_Available data_.
━━━

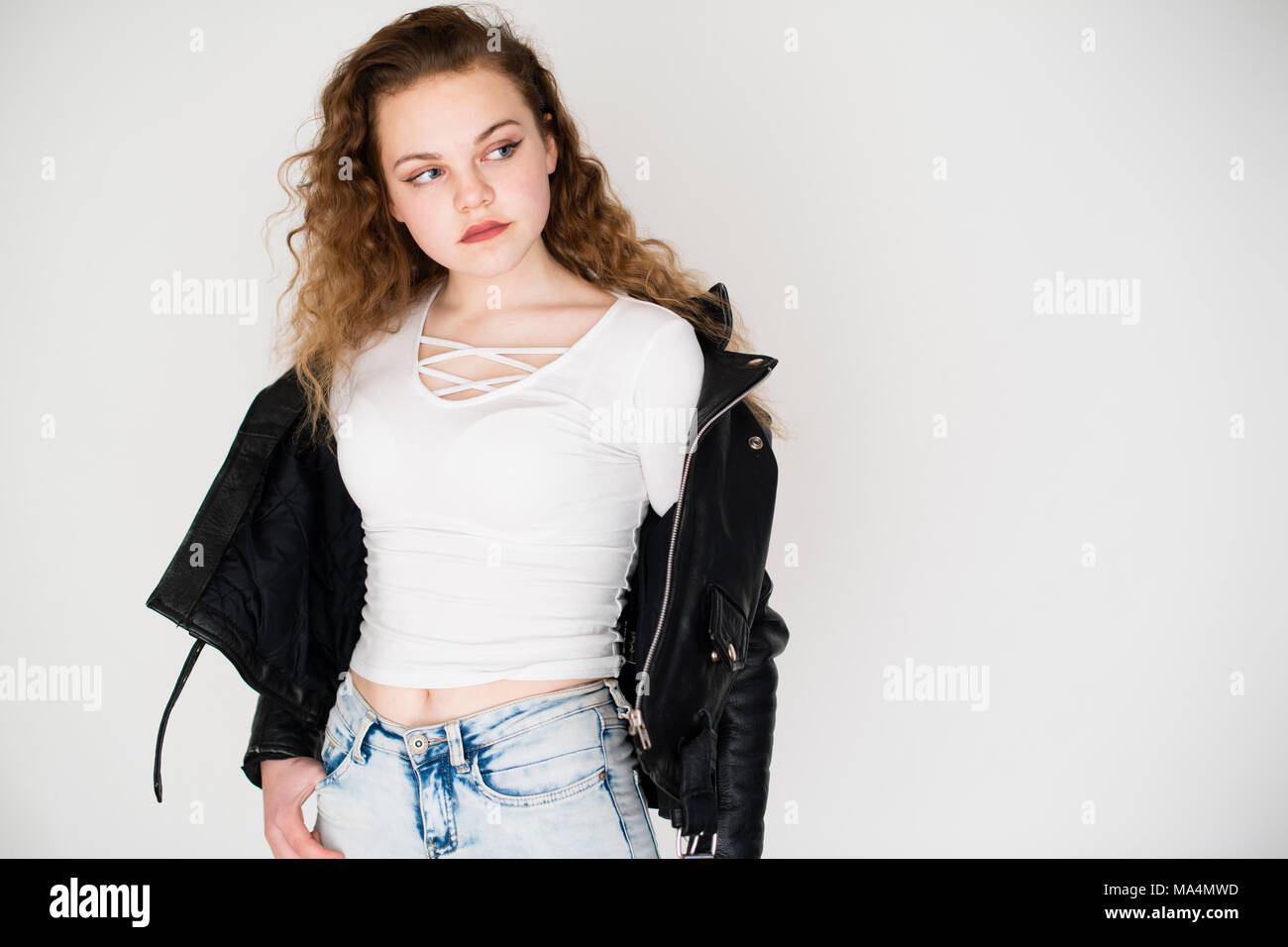A moody attrractive young 13 thirteen year old teenage adolescent girl wearing denim jeans and a black leather jacket , UK Stock Photo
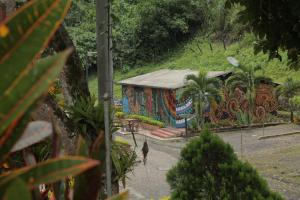 a person walking in front of a building with a mural at HOTEL LA SELVA Reserva in La Vega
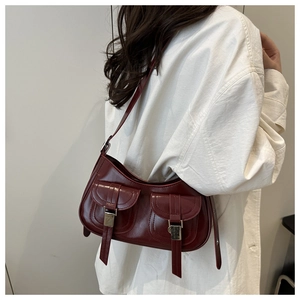 Model wearing dark red retro underarm bag with silver buckles and dual pockets details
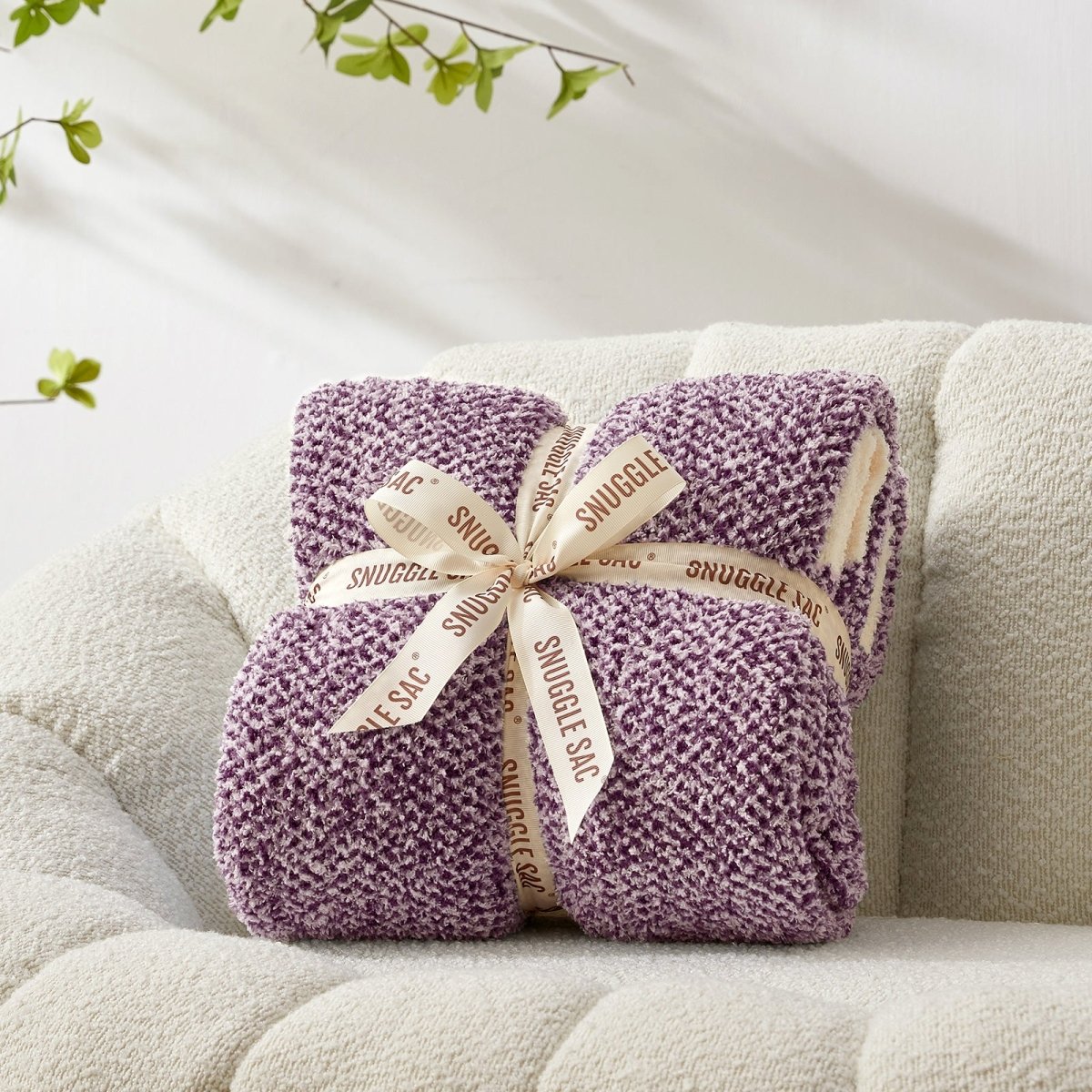 Heather Feather Yarn Throw Blanket in Lilac neatly folded with ribbon, a perfect gift idea for holidays, housewarming or special occasions. #Color_Lilac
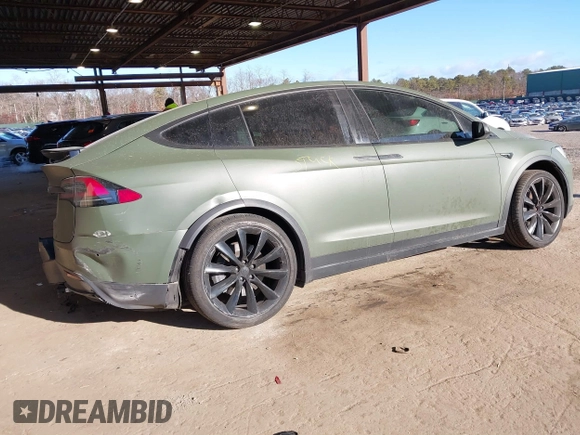 2020 Tesla Model X Long Range with VIN 5YJXCDE24LF272242, listed as a IAAI auction lot 41275226 with 103,731 mi miles. Bid and sale history available at carsss.com. Image 4.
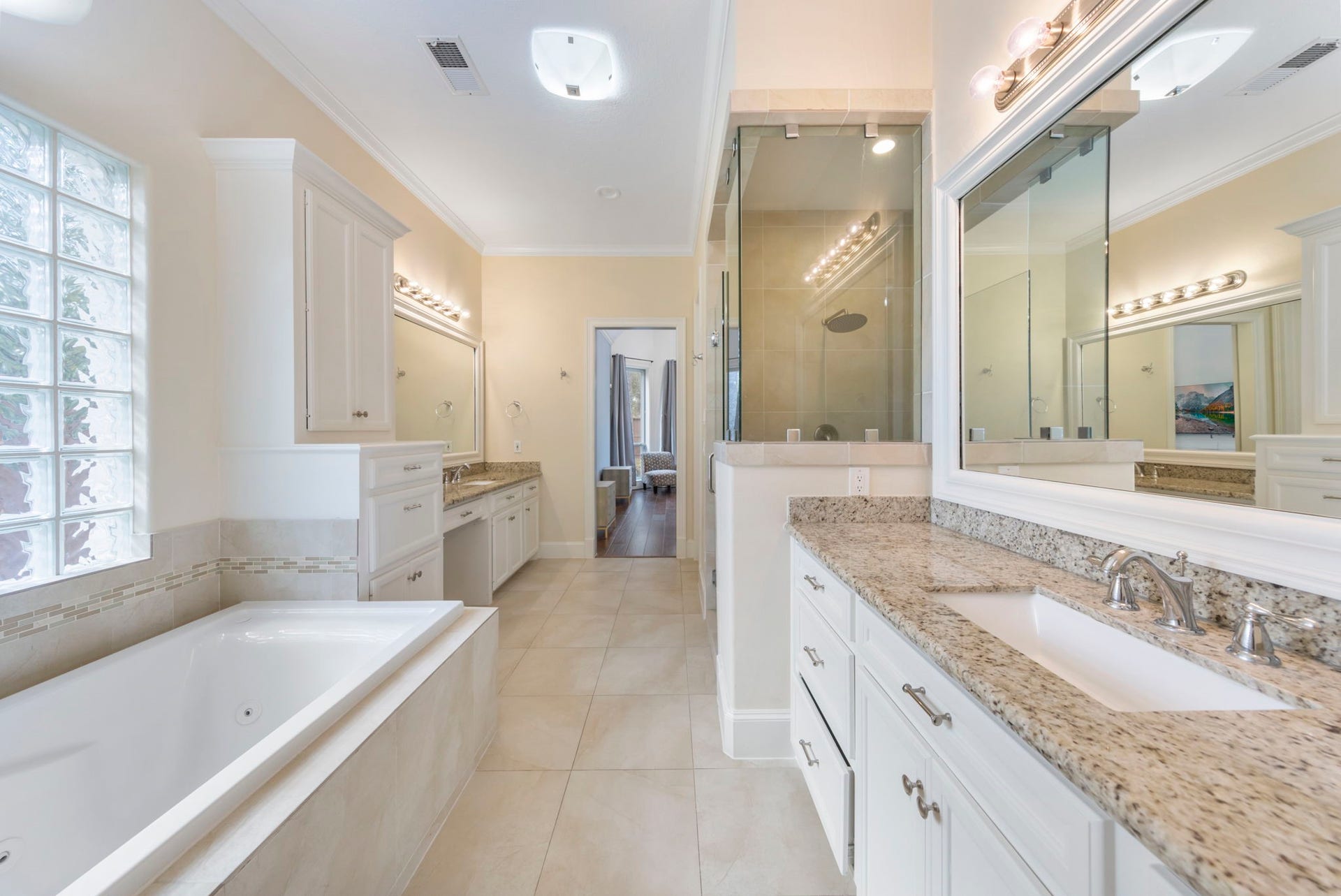 90 W Horizon Ridge Place, Spring, TX 77381 The primary bath provides a spacious retreat, featuring an oversized walk-in shower, a luxurious soaking tub, and dual sinks with a convenient vanity seating area.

━━━

_Aim of the task_. Give back, exactly as written, the lines from the top of the material above to the line containing "Model wearing dark", both included; skip every picture.

_Answer to this task_.
A moody attrractive young 13 thirteen year old teenage adolescent girl wearing denim jeans and a black leather jacket , UK Stock Photo
 a person walking in front of a building with a mural at HOTEL LA SELVA Reserva in La Vega
 Model wearing dark red retro underarm bag with silver buckles and dual pockets details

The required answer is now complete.